Given records:
*** Begin section ***

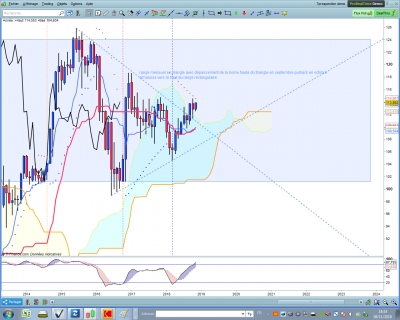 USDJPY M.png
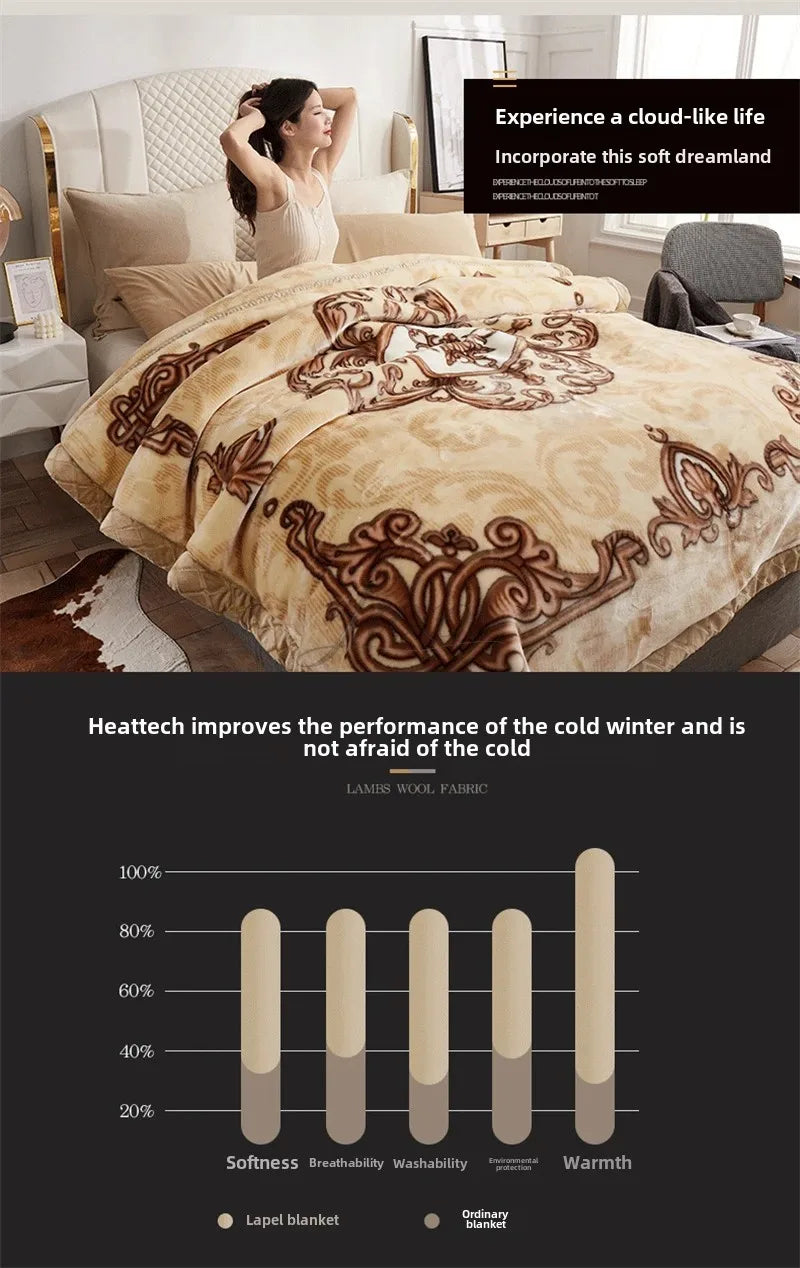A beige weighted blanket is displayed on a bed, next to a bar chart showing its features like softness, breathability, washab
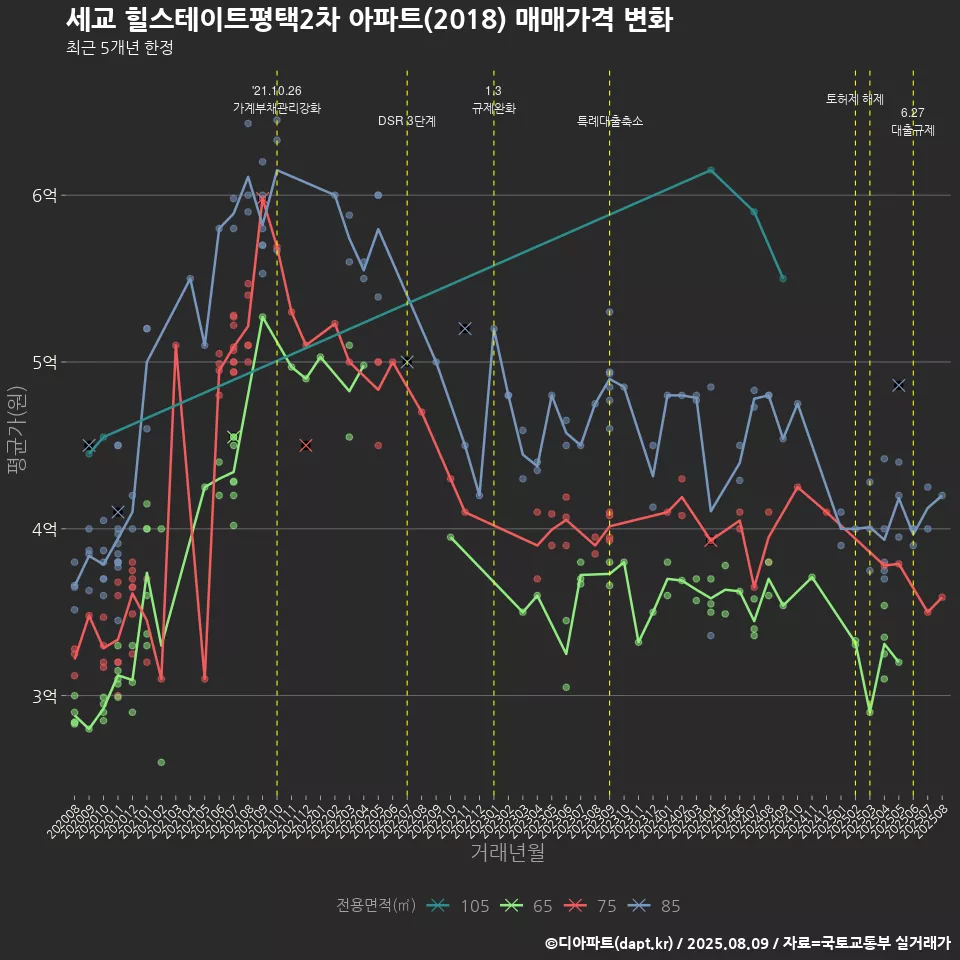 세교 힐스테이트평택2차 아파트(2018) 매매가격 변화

*** End section ***
*** Begin section ***

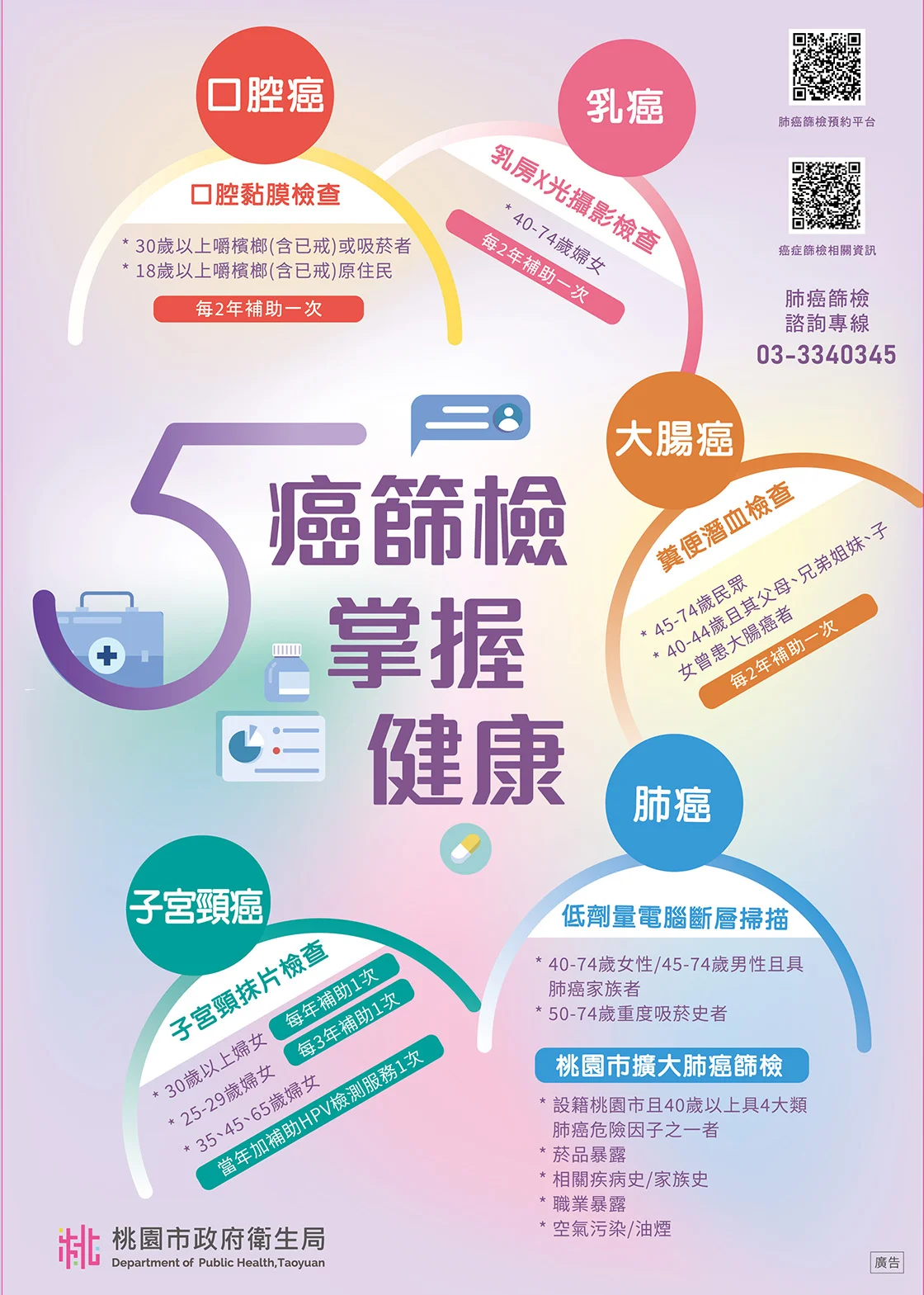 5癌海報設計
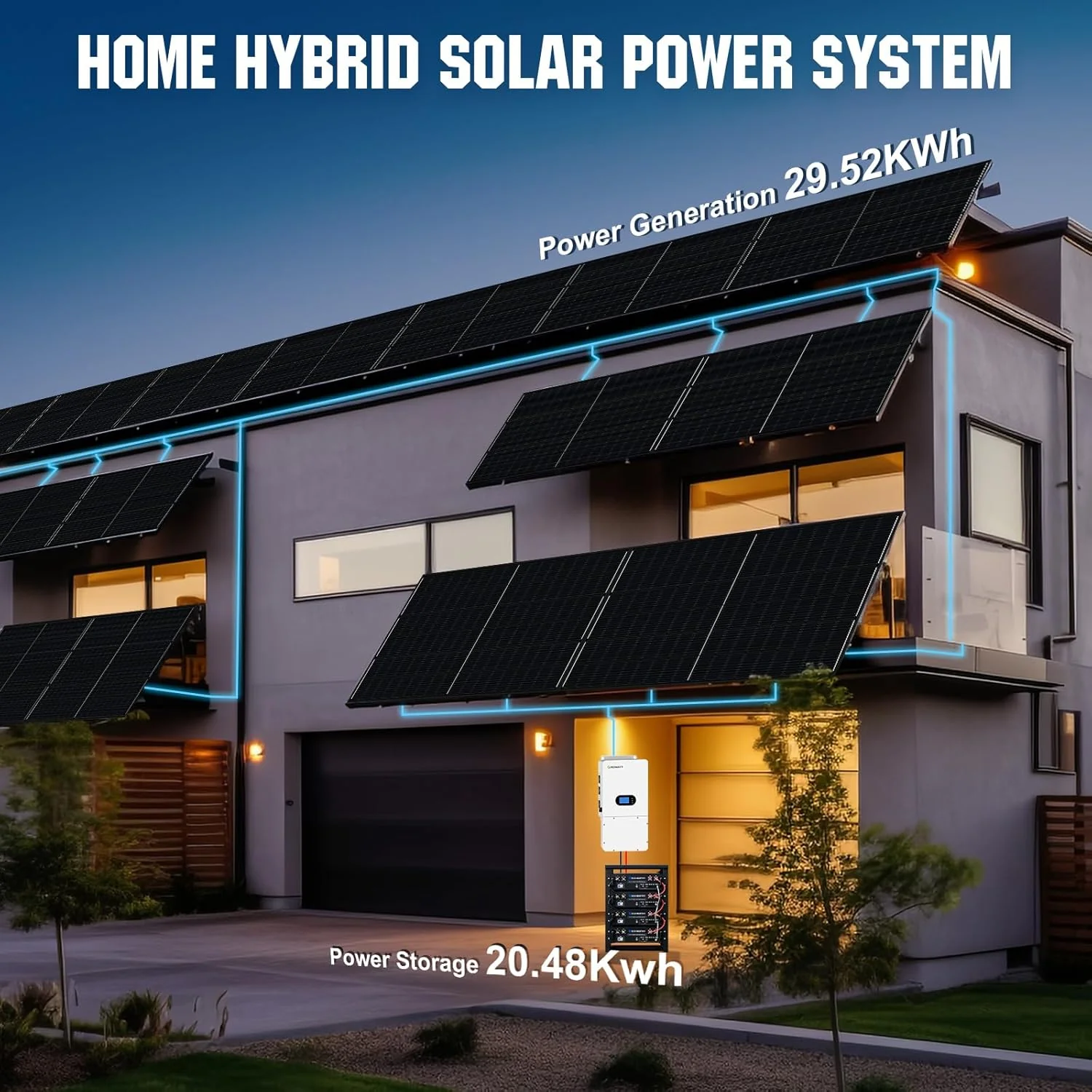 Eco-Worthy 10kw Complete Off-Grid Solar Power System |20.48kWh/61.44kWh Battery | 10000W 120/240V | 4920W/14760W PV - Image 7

*** End section ***

Required action:
Look above for the line with "USDJPY M.png" and the line with "세교 힐스테이트평택2차 아파트(2018) 매매가격 변화". Give again exactly those two lines and all lines between them, pictures excluded.

Task result:
 USDJPY M.png
A beige weighted blanket is displayed on a bed, next to a bar chart showing its features like softness, breathability, washab
 세교 힐스테이트평택2차 아파트(2018) 매매가격 변화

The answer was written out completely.